Advanced HTML with Org mode to impress your friends

posted
2023-09-02

This time, let’s indulge in the favourite pastime of every blog-building hacker out there: blogging about blogging.

This website replaced my decade-old and dormant site. Over time, the threshold to post got higher and higher. I wasn’t interested in re-learning how to build it just to write something.

I’ve since learned from my mistake. This site is built with Org mode using org-publish. I use Org daily, and there isn’t really anything to re-learn. Everything happens from Emacs, and there are zero additional dependencies to download.

Building the site

I’m not going to discuss how to set up org-publish, there are plenty of resources online. I’ve linked some posts that I found exceptionally helpful1, 2, 3.

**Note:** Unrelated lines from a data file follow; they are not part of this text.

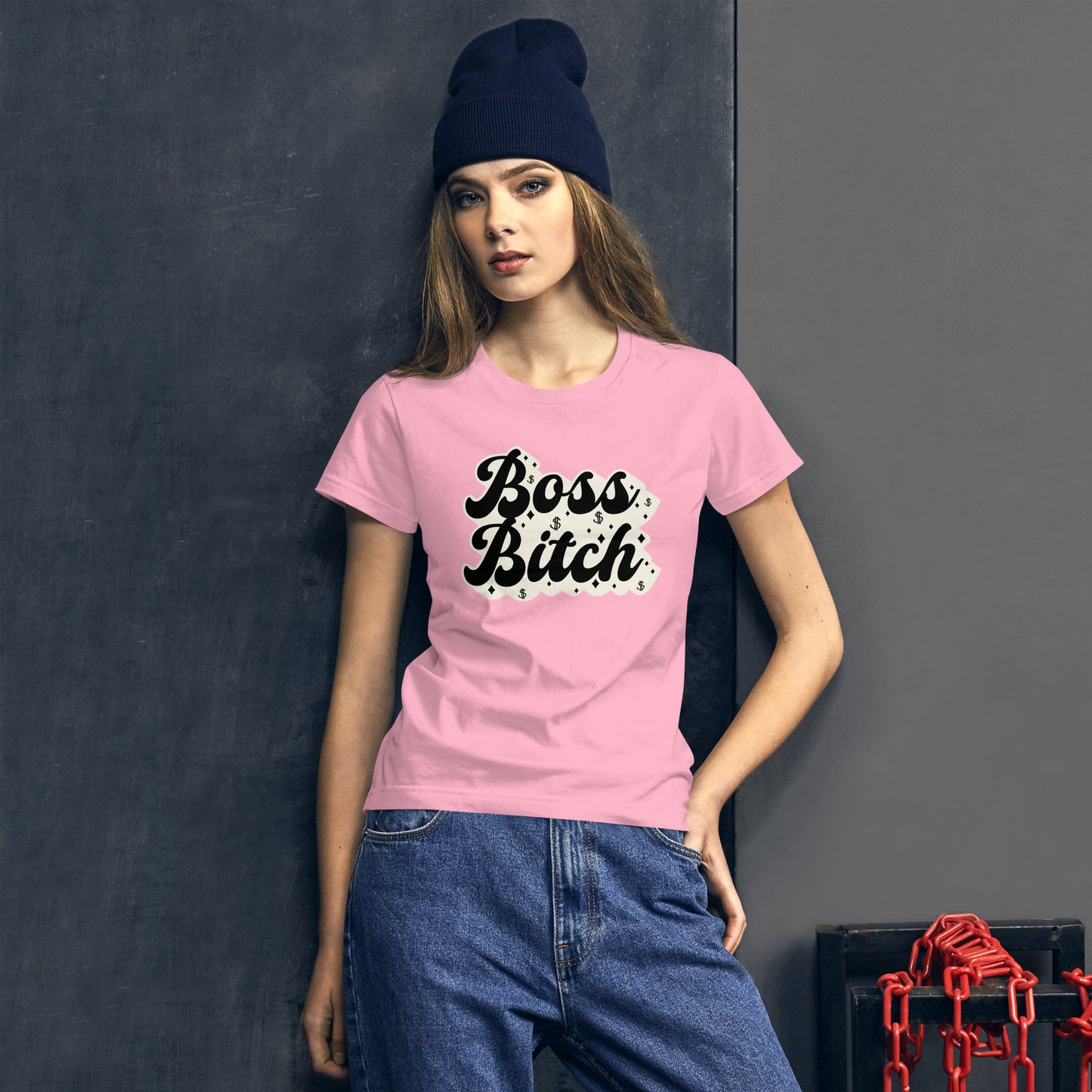 BOSS BITCH Women's short sleeve t-shirt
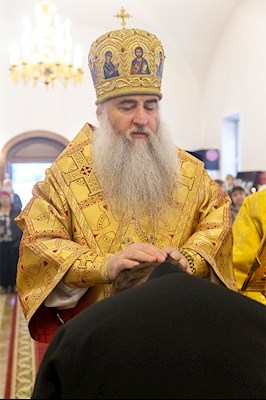 Божественная литургия в храме во имя святителя Николая Японского г. Саратова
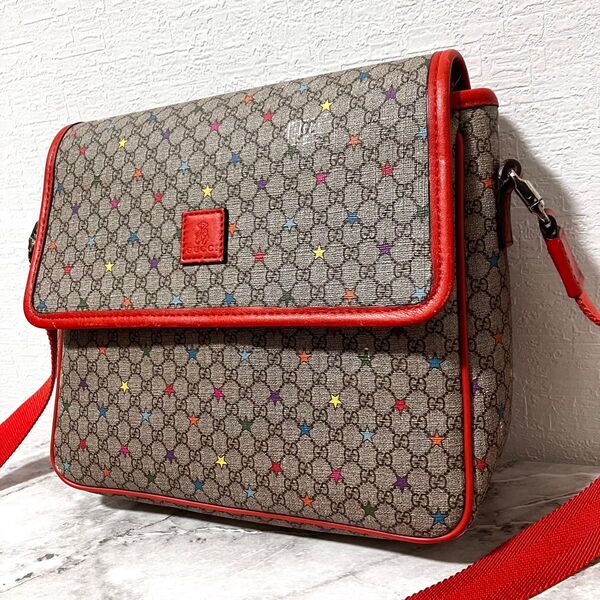グッチ GUCCI チルドレン GGスプリーム スター ショルダーバッグ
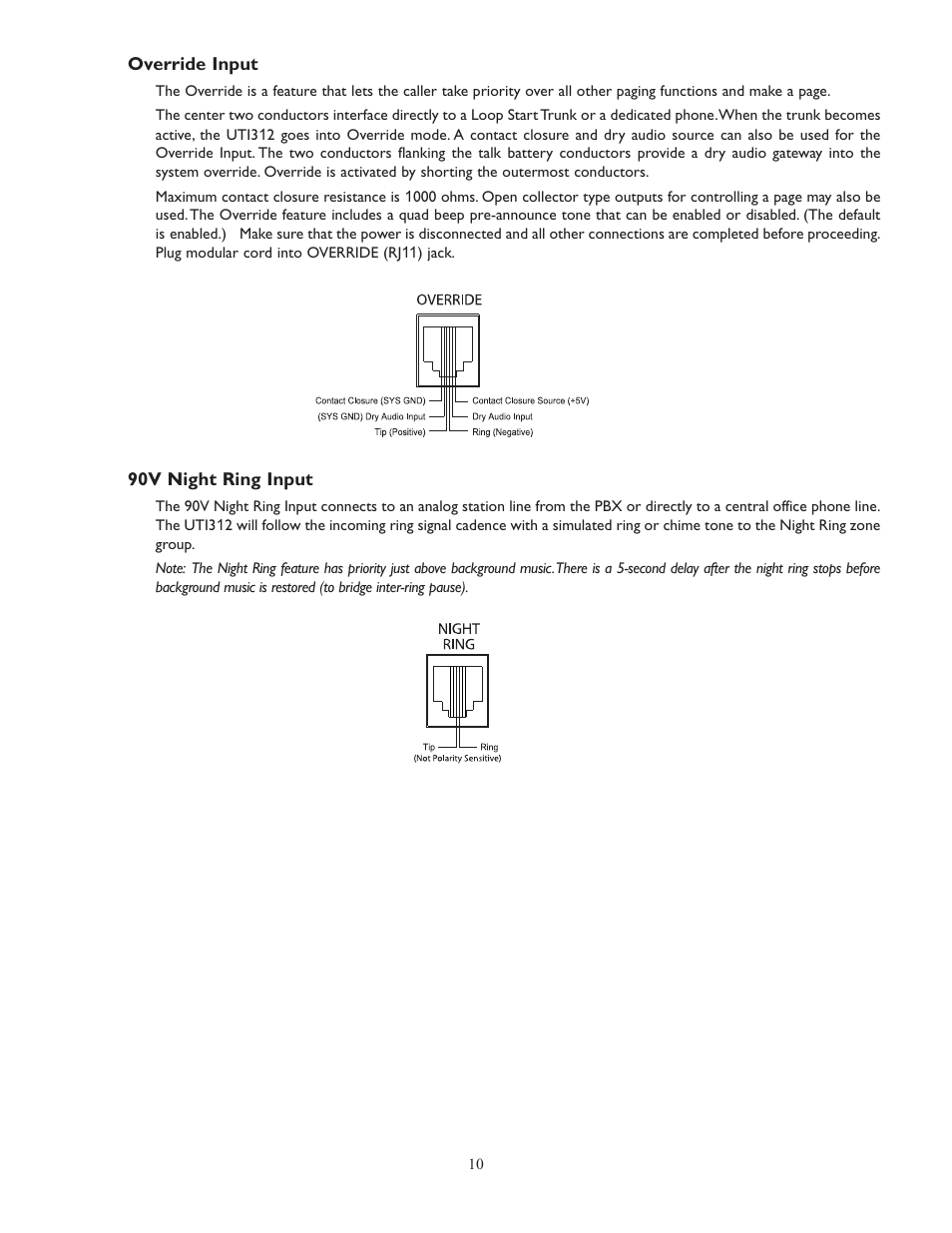 Bogen UTI312 User Manual | Page 10 / 32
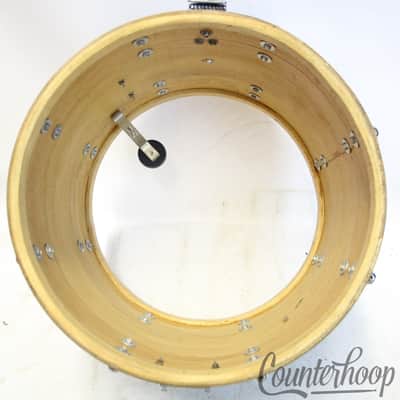 *Slingerland 15x12" Snare Drum Blue Sparkle COB Brass Vintage 60s 3Ply Zoomatic image 10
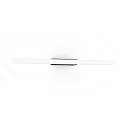 Luminaria de pared LARRA OPAL 2.0 S14d IP20, color bronce regulable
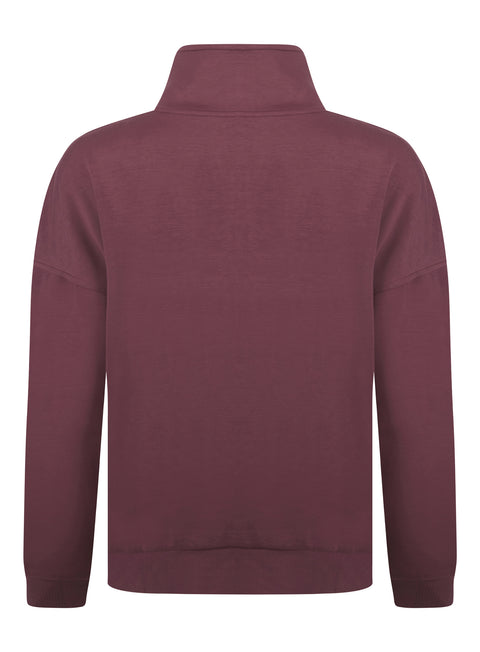 Ladies Supersoft Quarter Zip Sweater Jumper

Essentially, I’ve set up a build-site.el script that runs Emacs with emacs -Q --script to invoke org-publish. This way the build can be fully automated with source control, behaving more like a usual static site generator, although you can still invoke it directly from the editor.

HTML export variables

org-html exposes a number of variables to customise the HTML output, for example:

  • org-html-doctype
  • org-html-head
  • org-html-head-extra
  • org-html-meta-tags
  • org-html-divs
  • org-html-preamble
  • org-html-postamble
  • org-html-scripts

For a full list, see M-x describe-variable ^org-html-. Most notable are org-html-{pre,post}amble, which people have used for all kinds of layouts.

However, all of these options are fairly limited. Conceptually simple changes, like placing the date and author information below the title, or changing the “Table of Contents” heading, are surprisingly tricky with these.

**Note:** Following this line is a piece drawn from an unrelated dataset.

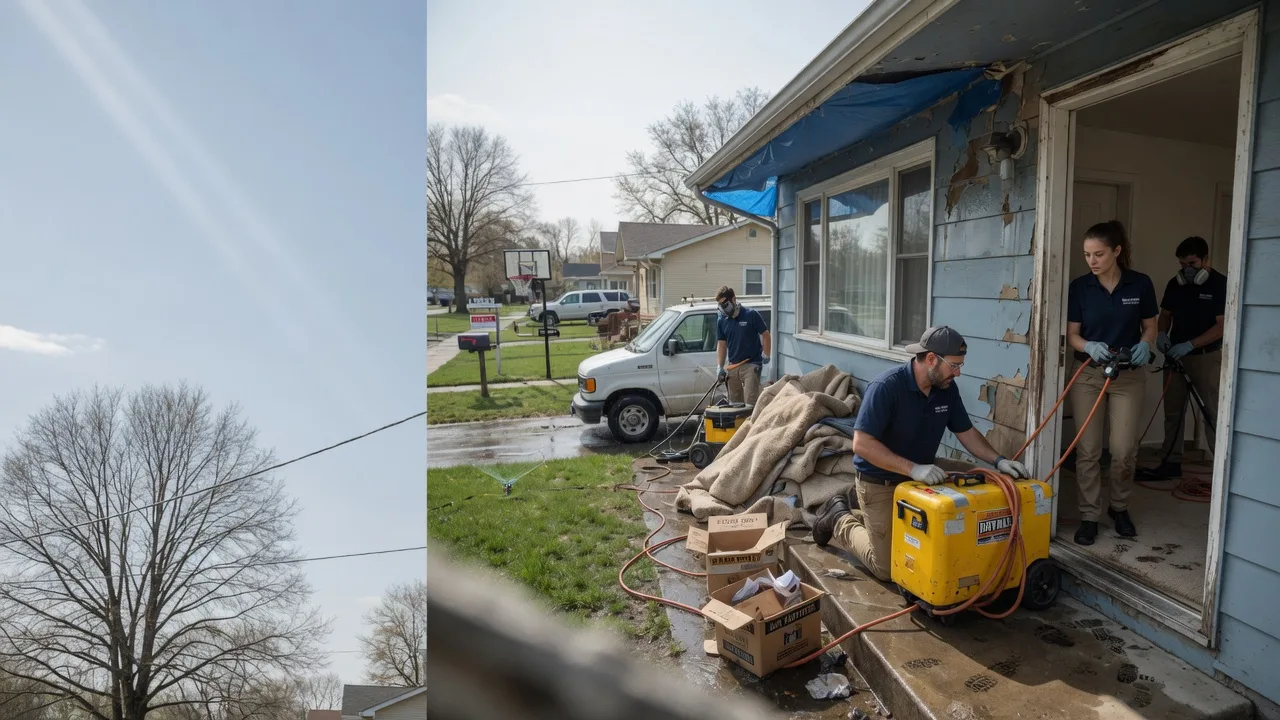 Basement Flood Cleanup in Belleville, PA near me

Now that I’ve learned about the better way to achieve these types of changes, I wish org-html didn’t have some of these variables at all. They make some narrow use cases easy, but at the expense of obscuring more powerful concepts behind org-export.

Demystifying org-export

org-export supports swappable backends for formats. These are defined using org-export-define-backend which takes a unique backend name and an alist of transcoders. Broadly speaking, transcoders are functions that take an Org element plus some metadata and return a string representing it in the output format.

Here’s an example of a minimal S-expression backend:4

(defun indent-string (string width)
  (org-ascii--indent-string (string-trim string) width))

(defun sexp-template (contents info)
  (format "(template\n%s)"
          (indent-string contents 1)))
(defun sexp-inner-template (contents info)
  (format "(inner-template\n%s)"
          (indent-string contents 1)))
(defun sexp-section (section contents info)
  (format "(section\n%s)"
          (indent-string contents 1)))
(defun sexp-headline (headline contents info)
  (format "(headline %s\n%s)"
          (org-export-data (org-element-property :title headline)
                           info)
          (indent-string contents 1)))
(defun sexp-paragraph (paragraph contents info)
  (format "(paragraph %s)" contents))
(defun sexp-plain-text (text info)
  (format "\"%s\"" (string-replace "\n" "\\n" text)))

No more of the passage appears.